In-network database migration to minimize latency

A migration of our Cloud SQL database within GCP’s network was completed to minimize latency between Cloud Run and Cloud SQL. It was performed by GCP to reverse a prior migration that had increased network latency.

Although the first migration was unnoticed except by our latency monitoring, the reversal was coincident with a “connectivity issue” that lasted 11 minutes. Thankfully, our session failover mechanism succeeded and prevented active users from being signed out. However, new sign ups, sign ins, and other account changes failed during this time.

We are awaiting a full root cause analysis from GCP to determine if the two events were related. We will share the analysis when it becomes available.

Once connectivity was restored, we verified that latency improved as expected.

Convert high-update workload to append-only

We had a particular high-update table that created undue stress on the database in periods of high activity.

We’ve replaced that high-update workload with an append-only workload. The change was carried out over the course of a week, where we incrementally enabled dual writes until we reached 100% of traffic, then leveraged dual reads over several days to ensure consistent behavior. Finally, we removed dual writes and now only leverage the append-only workload.

Direct queuing of background jobs

We leverage PubSub for background jobs. Many jobs require transactional guarantees, which we achieve by writing the job details to the database within a transaction.

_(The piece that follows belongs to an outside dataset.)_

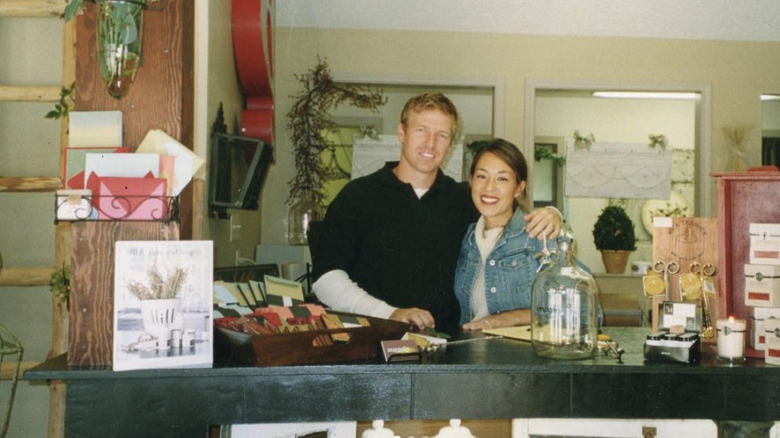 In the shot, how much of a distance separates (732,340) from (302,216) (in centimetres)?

Others don’t, like non-essential jobs for analytics and telemetry.

Previously, all jobs were written to the database, regardless of if they required a transactional guarantee. Going forward, jobs that don’t require transactional guarantees will be queued directly to reduce the database load.

Database tuning

We’ve continued efforts to tune autovacuum and fillfactor settings. Though this is an ongoing effort that is never truly “done,” we feel we’ve made the major adjustments necessary to take advantage of our recently upgraded database specs.

Query and index tuning

This is a regular activity that will likely be in every update, but it is still included in the interest of completeness. This time, the biggest improvement came from replacing a DISTINCT with an alternate strategy.

In progress

Blue/green database upgrade automation

We’re building an automated mechanism for blue/green database upgrades, which we’ll leverage for version upgrades and settings changes that typically require minutes of downtime.

With automation, we expect these upgrades to complete in a few seconds maximum, and are exploring solutions to minimize request failures during that window.

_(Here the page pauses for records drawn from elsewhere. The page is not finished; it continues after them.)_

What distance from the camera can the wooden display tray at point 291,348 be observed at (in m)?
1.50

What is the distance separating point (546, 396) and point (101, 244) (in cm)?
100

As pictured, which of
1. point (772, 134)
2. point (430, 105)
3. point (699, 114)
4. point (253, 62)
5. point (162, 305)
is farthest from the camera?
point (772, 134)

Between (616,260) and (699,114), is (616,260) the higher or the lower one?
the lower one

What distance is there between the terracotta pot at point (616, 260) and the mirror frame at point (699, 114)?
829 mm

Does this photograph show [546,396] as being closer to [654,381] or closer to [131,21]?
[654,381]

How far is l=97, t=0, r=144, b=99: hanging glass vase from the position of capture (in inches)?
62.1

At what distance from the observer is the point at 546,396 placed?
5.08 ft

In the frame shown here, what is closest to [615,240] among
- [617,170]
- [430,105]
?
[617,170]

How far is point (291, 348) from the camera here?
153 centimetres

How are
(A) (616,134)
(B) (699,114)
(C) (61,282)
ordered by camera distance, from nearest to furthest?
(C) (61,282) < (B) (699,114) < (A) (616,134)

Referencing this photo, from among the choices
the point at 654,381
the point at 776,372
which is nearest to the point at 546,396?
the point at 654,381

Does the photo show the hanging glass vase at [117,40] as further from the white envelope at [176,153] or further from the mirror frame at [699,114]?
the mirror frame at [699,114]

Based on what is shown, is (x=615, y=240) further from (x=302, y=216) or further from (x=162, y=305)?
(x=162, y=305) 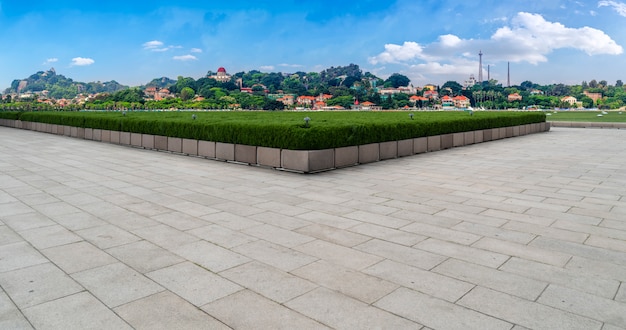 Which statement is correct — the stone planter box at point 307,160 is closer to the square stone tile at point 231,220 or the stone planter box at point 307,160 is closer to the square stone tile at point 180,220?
the square stone tile at point 231,220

Application-to-database “chattiness” optimizations

We’ve started focusing more on and reducing the overall number of queries per request, by either changing our application logic or leveraging database functions to perform multiple queries at once.

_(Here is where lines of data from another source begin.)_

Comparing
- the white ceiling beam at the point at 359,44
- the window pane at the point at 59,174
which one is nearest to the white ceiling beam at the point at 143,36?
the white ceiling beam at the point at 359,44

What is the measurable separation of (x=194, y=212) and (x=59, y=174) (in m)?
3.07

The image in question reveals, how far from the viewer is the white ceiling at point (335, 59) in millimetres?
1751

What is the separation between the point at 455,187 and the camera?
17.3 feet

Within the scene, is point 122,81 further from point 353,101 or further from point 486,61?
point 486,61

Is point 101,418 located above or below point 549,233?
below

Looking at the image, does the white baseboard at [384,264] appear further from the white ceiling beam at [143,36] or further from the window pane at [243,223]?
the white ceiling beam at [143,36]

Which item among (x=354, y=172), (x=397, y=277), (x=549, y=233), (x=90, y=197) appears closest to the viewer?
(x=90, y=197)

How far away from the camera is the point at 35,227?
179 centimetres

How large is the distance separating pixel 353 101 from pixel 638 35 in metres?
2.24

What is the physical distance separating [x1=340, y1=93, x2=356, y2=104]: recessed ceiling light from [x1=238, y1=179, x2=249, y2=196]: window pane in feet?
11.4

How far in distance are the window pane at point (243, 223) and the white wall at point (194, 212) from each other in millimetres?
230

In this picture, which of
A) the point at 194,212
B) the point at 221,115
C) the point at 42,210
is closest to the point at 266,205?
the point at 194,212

These changes will make us more resilient to future database VM migrations within the network, which are typically done administratively by GCP and out of our control. Our intention is to support up to 2ms of network latency between our compute and the database without a noticeable impact on user experience.

Reduce session API requests

(Promoted to in progress)

We’ve discovered a bug in our session refresh logic that causes individual devices to send more refreshes than necessary. We believe resolving this bug can significantly reduce our request volume.

Improved monitoring

We’re re-analyzing all of our recent degradation and outage incidents and improving our monitoring suite. So far, we’re optimistic that we can achieve earlier notice of potential issues by tuning our existing monitors and adding new ones.

Planned

Database connection pooler and major version upgrade

(Unchanged since last update)

Clerk has historically only used a client-side database pooler inside our Cloud Run containers. Though we’ve known this is non-optimal, we did this because Google did not offer managed database pooler, and we were skeptical of putting a self-hosted service in the middle of two managed services (Cloud Run and Cloud SQL).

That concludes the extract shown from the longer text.